Di grande interesse è anche la costa ionica calabrese, crocevia di popoli e culture fin dall’antichità. Durante i lavori del Terzo Megalotto della SS106 Jonica, tra Sibari e Roseto Capo Spulico, è riaffiorato un paesaggio antico, segnato da fornaci, canali e ceramiche. Tra i ritrovamenti spicca una fornace circolare di epoca ellenistica, del diametro di quattro metri, emersa quasi intatta: un reperto straordinario per dimensioni e stato di conservazione. L’opera, testimonianza di un’attività produttiva strutturata sul territorio, sarà ricollocata e valorizzata all’interno del vicino Parco archeologico di Broglio di Trebisacce. Accanto alla fornace, gli archeologi hanno individuato fossati e canalette in terracotta per la regimazione delle acque, tracce di combustione e concentrazioni di ceramiche databili tra il periodo ellenistico e quello romano-ellenistico. Questi reperti confermano la vitalità economica e insediativa di questo tratto di costa, già noto per la vicinanza a importanti poli della Magna Grecia, come Sibari.
Sempre nell’area centro-meridionale del Mediterraneo, durante i lavori di ammodernamento della linea ferroviaria Palermo–Catania, nella tratta tra Bicocca e Catenanuova, è stato individuato un antico tracciato stradale nascosto sotto l’attuale SS192. Riemerso a 120 centimetri di profondità, misura circa 10 metri per 4,4 ed è realizzato con pietre e sassi locali di media e grande pezzatura. Ha restituito reperti ceramici e metallici databili tra l’VIII e il XVIII secolo, rivelando una continuità d’uso che attraversa oltre mille anni di storia. Procedendo verso l’entroterra etneo, tra Motta Sant’Anastasia e Paternò, sono infine riemersi frammenti ceramici post-medievali e manufatti litici che testimoniano la vivacità storica di uno snodo cruciale tra costa e interno. Gli scavi hanno consentito di ricostruire antichi sistemi di viabilità e insediamento, arricchendo la conoscenza del paesaggio storico della Sicilia centrale. Alcuni tratti sono stati smontati per essere conservati o ricollocati in contesti espositivi. I reperti più significativi, tra cui frammenti ceramici e metallici, saranno destinati ai musei civici di Paternò e Motta Sant’Anastasia, dove andranno ad ampliare le collezioni con testimonianze materiali della storia della viabilità siciliana. In programma anche un percorso didattico lungo il tracciato ferroviario, con pannelli esplicativi, supporti digitali, mostre e open day per la scoperta del territorio.

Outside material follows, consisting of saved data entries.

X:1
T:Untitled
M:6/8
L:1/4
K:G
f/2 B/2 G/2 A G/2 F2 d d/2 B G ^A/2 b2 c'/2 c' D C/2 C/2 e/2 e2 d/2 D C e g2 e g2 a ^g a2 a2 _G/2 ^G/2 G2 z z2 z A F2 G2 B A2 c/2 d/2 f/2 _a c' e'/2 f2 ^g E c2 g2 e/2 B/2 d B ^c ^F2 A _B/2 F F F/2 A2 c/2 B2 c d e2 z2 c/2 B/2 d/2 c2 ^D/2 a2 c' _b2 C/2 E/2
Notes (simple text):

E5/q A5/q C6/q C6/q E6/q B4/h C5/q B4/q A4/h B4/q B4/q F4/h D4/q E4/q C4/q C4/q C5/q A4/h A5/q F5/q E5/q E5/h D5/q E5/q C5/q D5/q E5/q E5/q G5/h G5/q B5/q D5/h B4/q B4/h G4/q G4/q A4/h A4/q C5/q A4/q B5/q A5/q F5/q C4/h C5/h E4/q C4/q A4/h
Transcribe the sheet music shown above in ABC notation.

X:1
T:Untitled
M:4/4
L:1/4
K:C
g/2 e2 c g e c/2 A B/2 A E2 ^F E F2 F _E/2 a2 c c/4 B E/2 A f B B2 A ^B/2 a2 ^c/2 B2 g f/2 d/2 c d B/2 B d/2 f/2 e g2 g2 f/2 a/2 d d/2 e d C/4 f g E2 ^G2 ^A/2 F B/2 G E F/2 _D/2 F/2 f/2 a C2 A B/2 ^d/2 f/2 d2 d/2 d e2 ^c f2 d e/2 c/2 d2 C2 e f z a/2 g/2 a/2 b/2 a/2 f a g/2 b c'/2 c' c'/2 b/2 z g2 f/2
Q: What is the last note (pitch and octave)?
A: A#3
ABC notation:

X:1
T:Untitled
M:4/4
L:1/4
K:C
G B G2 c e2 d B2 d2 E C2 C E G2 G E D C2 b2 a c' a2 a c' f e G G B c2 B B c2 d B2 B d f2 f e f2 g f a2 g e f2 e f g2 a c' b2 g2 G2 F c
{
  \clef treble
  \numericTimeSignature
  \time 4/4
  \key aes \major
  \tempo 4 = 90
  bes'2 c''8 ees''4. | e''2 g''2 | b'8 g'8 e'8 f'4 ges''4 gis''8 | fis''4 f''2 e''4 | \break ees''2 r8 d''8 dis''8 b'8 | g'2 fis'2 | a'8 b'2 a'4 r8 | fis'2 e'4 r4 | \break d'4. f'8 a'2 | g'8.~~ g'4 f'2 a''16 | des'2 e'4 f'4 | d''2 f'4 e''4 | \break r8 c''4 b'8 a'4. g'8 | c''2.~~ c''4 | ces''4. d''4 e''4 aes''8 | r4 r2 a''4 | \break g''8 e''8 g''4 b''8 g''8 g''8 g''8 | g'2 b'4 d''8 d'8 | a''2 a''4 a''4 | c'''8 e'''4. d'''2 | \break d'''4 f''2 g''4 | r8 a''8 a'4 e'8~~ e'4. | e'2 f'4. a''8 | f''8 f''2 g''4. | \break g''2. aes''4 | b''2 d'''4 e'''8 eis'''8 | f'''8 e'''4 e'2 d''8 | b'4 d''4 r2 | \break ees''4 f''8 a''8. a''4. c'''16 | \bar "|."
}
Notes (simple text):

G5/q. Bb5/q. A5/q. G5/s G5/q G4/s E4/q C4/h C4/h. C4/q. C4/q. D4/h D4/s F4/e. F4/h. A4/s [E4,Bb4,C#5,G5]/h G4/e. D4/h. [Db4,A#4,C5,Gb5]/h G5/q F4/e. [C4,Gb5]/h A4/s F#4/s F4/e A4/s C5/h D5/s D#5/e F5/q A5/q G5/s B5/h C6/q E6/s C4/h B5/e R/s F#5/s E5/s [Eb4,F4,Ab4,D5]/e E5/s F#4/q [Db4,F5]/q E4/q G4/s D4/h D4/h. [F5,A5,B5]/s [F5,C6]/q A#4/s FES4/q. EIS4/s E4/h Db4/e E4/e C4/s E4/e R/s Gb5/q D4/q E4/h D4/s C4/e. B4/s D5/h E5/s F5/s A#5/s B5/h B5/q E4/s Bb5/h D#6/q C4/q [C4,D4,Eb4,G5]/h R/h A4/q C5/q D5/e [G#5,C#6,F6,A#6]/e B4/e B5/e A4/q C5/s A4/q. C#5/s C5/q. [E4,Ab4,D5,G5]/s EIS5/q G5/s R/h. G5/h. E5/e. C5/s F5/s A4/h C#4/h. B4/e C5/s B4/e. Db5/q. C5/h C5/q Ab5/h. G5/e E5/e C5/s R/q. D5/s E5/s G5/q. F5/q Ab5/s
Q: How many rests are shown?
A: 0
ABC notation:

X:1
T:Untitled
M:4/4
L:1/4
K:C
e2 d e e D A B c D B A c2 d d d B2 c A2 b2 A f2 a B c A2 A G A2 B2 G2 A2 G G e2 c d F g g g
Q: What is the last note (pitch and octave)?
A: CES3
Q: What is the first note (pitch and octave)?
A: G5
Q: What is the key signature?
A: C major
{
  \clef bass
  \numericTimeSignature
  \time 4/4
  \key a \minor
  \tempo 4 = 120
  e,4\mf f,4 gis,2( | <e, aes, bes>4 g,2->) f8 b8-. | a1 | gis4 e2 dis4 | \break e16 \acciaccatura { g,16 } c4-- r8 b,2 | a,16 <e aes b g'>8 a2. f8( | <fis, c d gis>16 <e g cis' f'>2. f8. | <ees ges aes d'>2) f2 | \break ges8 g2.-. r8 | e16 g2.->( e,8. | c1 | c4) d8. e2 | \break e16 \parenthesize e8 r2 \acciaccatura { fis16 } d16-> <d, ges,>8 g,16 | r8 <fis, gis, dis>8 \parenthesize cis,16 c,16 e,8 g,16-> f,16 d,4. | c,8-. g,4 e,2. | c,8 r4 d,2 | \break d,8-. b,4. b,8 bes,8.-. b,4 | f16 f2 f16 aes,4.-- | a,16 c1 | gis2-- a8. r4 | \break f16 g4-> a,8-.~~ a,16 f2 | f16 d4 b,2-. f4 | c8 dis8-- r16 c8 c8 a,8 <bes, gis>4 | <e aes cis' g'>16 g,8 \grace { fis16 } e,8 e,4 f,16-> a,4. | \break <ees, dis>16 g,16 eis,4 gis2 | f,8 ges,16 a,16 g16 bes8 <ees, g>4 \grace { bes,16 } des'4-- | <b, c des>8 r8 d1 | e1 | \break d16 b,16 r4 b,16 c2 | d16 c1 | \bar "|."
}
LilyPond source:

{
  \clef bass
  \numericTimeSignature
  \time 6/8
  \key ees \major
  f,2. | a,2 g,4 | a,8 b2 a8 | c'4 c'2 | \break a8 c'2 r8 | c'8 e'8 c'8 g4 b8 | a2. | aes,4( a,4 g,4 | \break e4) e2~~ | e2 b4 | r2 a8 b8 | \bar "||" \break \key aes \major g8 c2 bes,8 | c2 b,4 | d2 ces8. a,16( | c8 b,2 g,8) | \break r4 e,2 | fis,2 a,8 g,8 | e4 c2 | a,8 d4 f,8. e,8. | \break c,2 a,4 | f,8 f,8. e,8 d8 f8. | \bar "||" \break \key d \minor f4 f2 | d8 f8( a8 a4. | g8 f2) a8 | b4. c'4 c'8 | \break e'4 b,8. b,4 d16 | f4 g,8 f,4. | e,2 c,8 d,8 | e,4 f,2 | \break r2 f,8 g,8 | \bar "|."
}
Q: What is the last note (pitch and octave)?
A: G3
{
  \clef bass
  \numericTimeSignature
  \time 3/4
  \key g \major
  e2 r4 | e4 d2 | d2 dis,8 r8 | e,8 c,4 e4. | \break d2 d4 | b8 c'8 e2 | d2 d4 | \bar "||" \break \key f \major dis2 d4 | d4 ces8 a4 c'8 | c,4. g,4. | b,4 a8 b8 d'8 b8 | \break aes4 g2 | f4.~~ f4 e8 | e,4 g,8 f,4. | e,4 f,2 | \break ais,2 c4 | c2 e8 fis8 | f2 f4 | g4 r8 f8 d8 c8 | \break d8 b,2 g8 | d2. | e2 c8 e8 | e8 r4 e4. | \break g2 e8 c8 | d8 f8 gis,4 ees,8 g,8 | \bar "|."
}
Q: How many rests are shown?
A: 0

Sono tutti studi e scoperte che contribuiscono ad accrescere e approfondire la conoscenza del nostro patrimonio archeologico, resi possibili dalle tecnologie impiegate da Webuild come droni, laser scanner 3D, fotogrammetria, sensori IoT, Big Data, machine learning e una piattaforma di monitoraggio in tempo reale. Strumenti avanzati che trasformano ogni infrastruttura in un’opera di conoscenza, in una forma di cura del paesaggio naturale e antropico, in un esercizio di civiltà rivolto alle generazioni presenti e future.